How To Extract All URLs From A Page Using PHP

Recently I needed a crawler script that would create a list of all pages on a single domain. As a part of that I wrote some functions that could download a page, extract all URLs from the HTML and turn them into absolute URLs (so that they themselves can be crawled later). Here’s the PHP code.

Extracting All Links From A Page
Here’s a function that will download the specified URL and extract all links from the HTML. It also translates relative URLs to absolute URLs, tries to remove repeated links and is overall a fine piece of code :) Depending on your goal you may want to comment out some lines (e.g. the part that strips ‘#something’ (in-page links) from URLs).

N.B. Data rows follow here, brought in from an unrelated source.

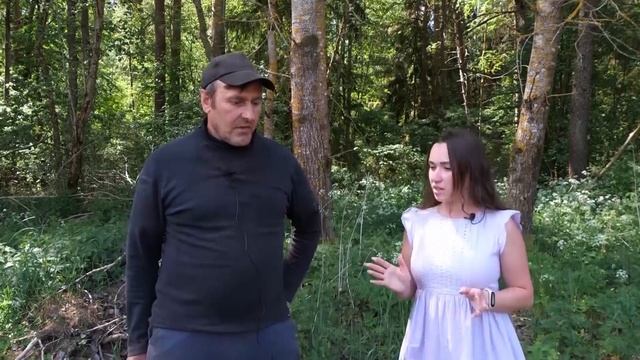 Беларусь. Сушка многолетних и однолетних трав на конвейерной зерносушилке АТМ Универсал-12 смотреть онлайн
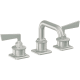 A thumbnail of the California Faucets 8502 Satin Chrome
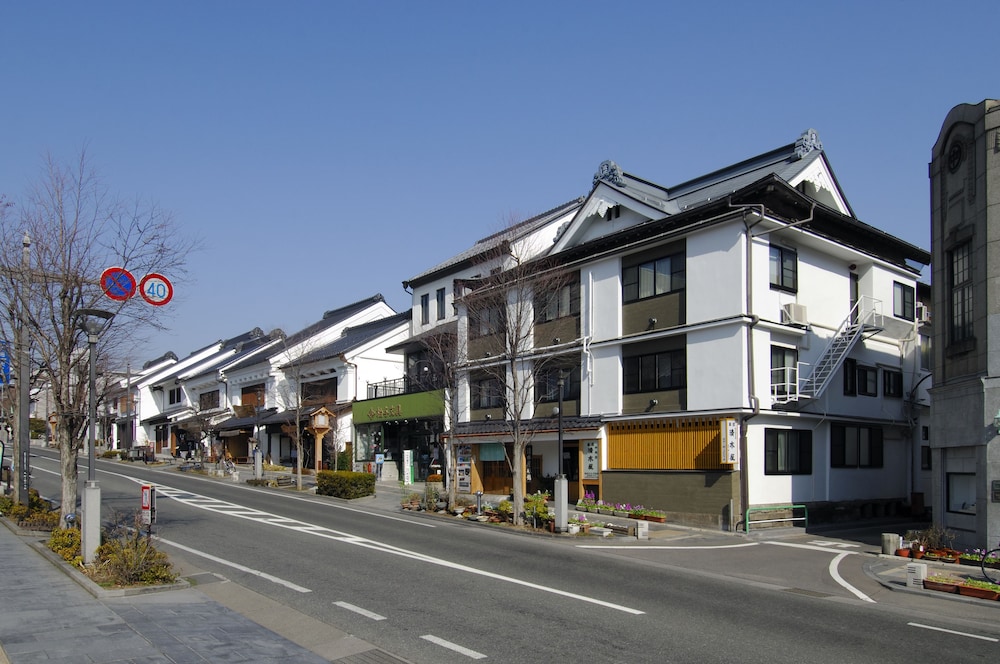 中央館 清水屋旅館 松本・軽井沢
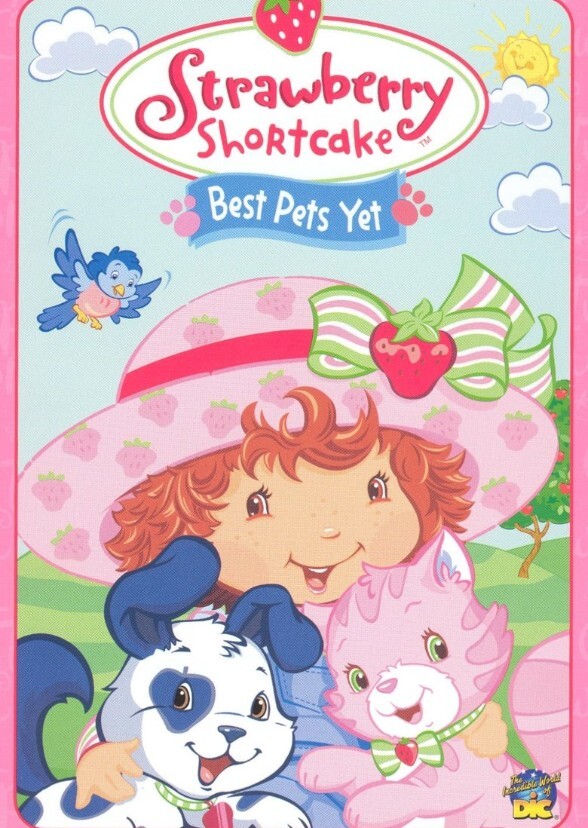 Strawberry Shortcake Live Action Movie 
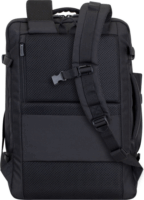 RivaCase 8461 Tegel Travel 17,3" 8461 Notebook hátizsák - Fekete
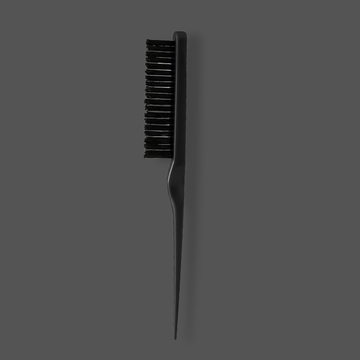 Glam Basics Teasing Brush Black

function crawl_page($page_url, $domain) {
/* $page_url - page to extract links from, $domain - 
    crawl only this domain (and subdomains)
    Returns an array of absolute URLs or false on failure. 
*/
 
/* I'm using cURL to retrieve the page */
    $ch = curl_init();
    curl_setopt($ch, CURLOPT_URL, $page_url);
    curl_setopt($ch, CURLOPT_RETURNTRANSFER,1);
    curl_setopt($ch, CURLOPT_FOLLOWLOCATION, 1);
 
/* Spoof the User-Agent header value; just to be safe */
    curl_setopt($ch, CURLOPT_USERAGENT, 
      'Mozilla/4.0 (compatible; MSIE 5.01; Windows NT 5.0)');
 
/* I set timeout values for the connection and download
because I don't want my script to get stuck 
downloading huge files or trying to connect to 
a nonresponsive server. These are optional. */
    curl_setopt($ch, CURLOPT_CONNECTTIMEOUT, 10);
    curl_setopt($ch, CURLOPT_TIMEOUT, 15);
 
/* This ensures 404 Not Found (and similar) will be 
    treated as errors */
    curl_setopt($ch, CURLOPT_FAILONERROR, true);
 
/* This might/should help against accidentally 
  downloading mp3 files and such, but it 
  doesn't really work :/  */
    $header[] = "Accept: text/html, text/*";
    curl_setopt($ch, CURLOPT_HTTPHEADER, $header);
 
/* Download the page */
    $html = curl_exec($ch);
    curl_close($ch);
 
    if(!$html) return false;
 
/* Extract the BASE tag (if present) for
  relative-to-absolute URL conversions later */
    if(preg_match('/<base[\s]+href=\s*[\"\']?([^\'\" >]+)[\'\" >]/i',$html, $matches)){
        $base_url=$matches[1];
    } else {
        $base_url=$page_url;
    }
 
    $links=array();
 
    $html = str_replace("\n", ' ', $html);
    preg_match_all('/<a[\s]+[^>]*href\s*=\s*([\"\']+)([^>]+?)(\1|>)/i', $html, $m);
/* this regexp is a combination of numerous 
    versions I saw online; should be good. */
 
    foreach($m[2] as $url) {
        $url=trim($url);
 
        /* get rid of PHPSESSID, #linkname, &amp; and javascript: */
        $url=preg_replace(
            array('/([\?&]PHPSESSID=\w+)$/i','/(#[^\/]*)$/i', '/&amp;/','/^(javascript:.*)/i'),
            array('','','&',''),
            $url);
 
        /* turn relative URLs into absolute URLs. 
          relative2absolute() is defined further down 
          below on this page. */
            $url = relative2absolute($base_url, $url);    
 
            // check if in the same (sub-)$domain
            if(preg_match("/^http[s]?:\/\/[^\/]*".str_replace('.', '\.', $domain)."/i", $url)) {
                //save the URL
                if(!in_array($url, $links)) $links[]=$url;
            } 
    }
 
    return $links;
}

How To Translate a Relative URL to an Absolute URL
This script is based on a function I found on the web with some small but significant changes.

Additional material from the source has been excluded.